Em alguns casos, estes
serviços nem sequer existiam antes da pandemia.
Duarte afirma que para
muitas crianças e adolescentes o lockdown significou perder uma etapa com
aprendizados valiosos: de como conviver com os colegas, e como lidar com
limites.
E, além disso, tiveram
que gerenciar a socialização por meio das redes sociais.
“Voltamos então ao
espaço social com toda essa carga, e sem um trabalho de transição para nos
conectar com o outro. E depois, no pós-pandemia, nos deparamos com essas
situações de abuso.”
• Pais: um problema adicional?
Na relação entre
professores e alunos, existe um terceiro eixo que influencia muito, apontam
especialistas: os pais e as mães.
Atualmente, há uma
tendência a reduzir a autoridade dos professores, de superproteger os filhos, e
dar razão a eles em quase tudo, culpando até mesmo os professores.
A psicopedagoga Mar
Romera acredita que isso tem a ver, em parte, com a queda nas taxas de
natalidade.
“O fator determinante
é que temos poucos filhos, e se você tem um jardim com 200 gerânios e uma
orquídea, você foca em cuidar da orquídea. E há uma superproteção”, compara
Romera.
“Se os pais defendem
antes de tudo os filhos, sem questionar nada, esses filhos fazem o que querem
nas aulas sem consequências. O trabalho dos pais não é realizado corretamente
em muitos casos, e isso nos preocupa”, afirma Teresa Hernández.
Ela ressalta que o
trabalho de educar as crianças e adolescentes para que se desenvolvam não pode
ser responsabilidade exclusiva dos professores.
“Também precisa vir de
casa.”
María Elena Duarte
insiste que existe um problema de vínculo entre professores e alunos, que deve
ser trabalhado, assim como um pai ou uma mãe deve cultivar o vínculo com os
filhos.
Por um lado, deve
haver um trabalho socioemocional com os professores, diz ela.

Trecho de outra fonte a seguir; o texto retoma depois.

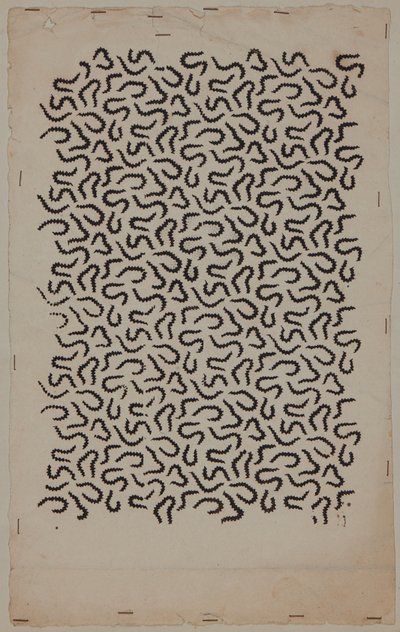 Dessin de conception, fin du 18e siècle - Unknown artist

Mas, por outro, é
preciso perceber o que está acontecendo com os alunos.
“Há maus-tratos aos
professores, sim, mas isso também acontece entre os alunos, que cada vez mais
se tratam pior. É um problema de convivência em geral”, afirma Duarte.
E, como ela diz, é uma
via de mão dupla:
“Se temos crianças e
adolescentes que hoje não são capazes de fazer esta gestão emocional, é também
porque temos adultos que não conseguiram visualizar a importância disso.”
No fim das contas,
tudo depende da saúde mental de todos.
“Precisamos estar
muito bem mentalmente, tanto os alunos, quanto as famílias e os professores. Os
problemas em sala de aula são cada vez mais graves”, afirma Teresa Hernández.
Os especialistas
advertem que, se esta situação não for remediada e não forem criados protocolos
de convivência adequados, este problema não vai ter fim.